Problem -
Copy out the whole listing exactly as given. Skip the pictures.

Supplied material -
┌──

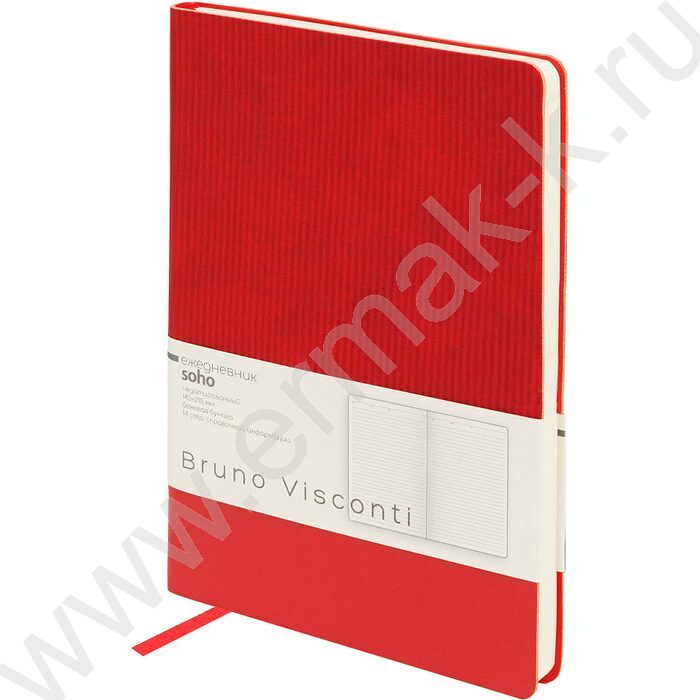 Ежедневник н/дат А5 136л Soho красный /ляссе/блок линейка | Фото 9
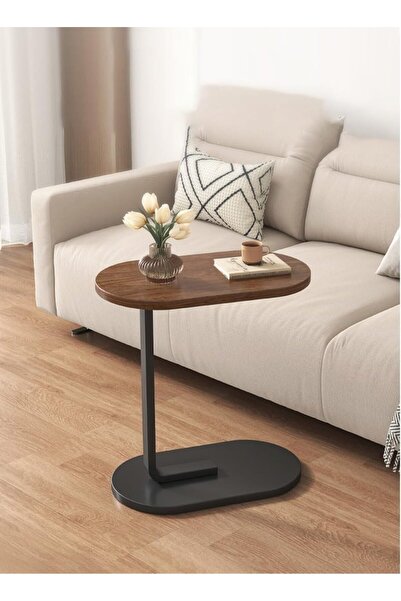 ALL İN C-Shaped Side Table for Guest, Coffee and Laptop Stand with Stable Metal Frame for Bedroom and Office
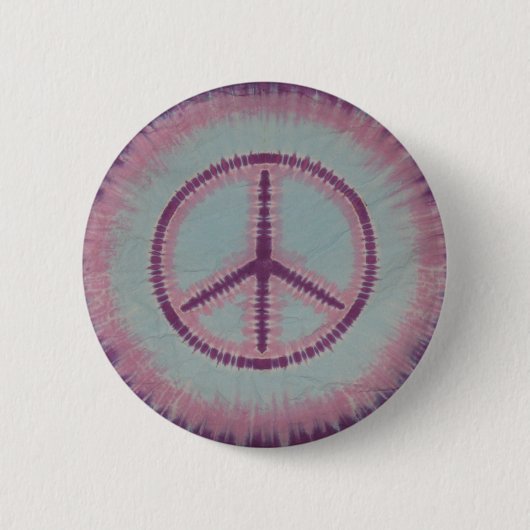 Purples & Blue Tie Dye Peace Sign Button Flair (Voorkant)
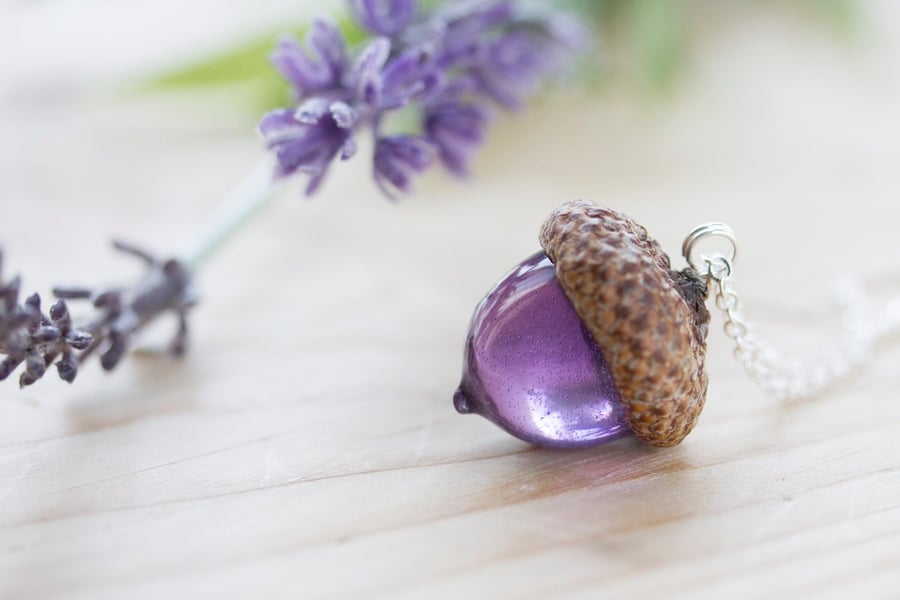 Acorn Necklace Purple Real Flower Jewelry Gifts for Her Acorn Jewelry Resin Neck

└──

Final answer -
 Ежедневник н/дат А5 136л Soho красный /ляссе/блок линейка | Фото 9
 ALL İN C-Shaped Side Table for Guest, Coffee and Laptop Stand with Stable Metal Frame for Bedroom and Office
 Purples & Blue Tie Dye Peace Sign Button Flair (Voorkant)
 Acorn Necklace Purple Real Flower Jewelry Gifts for Her Acorn Jewelry Resin Neck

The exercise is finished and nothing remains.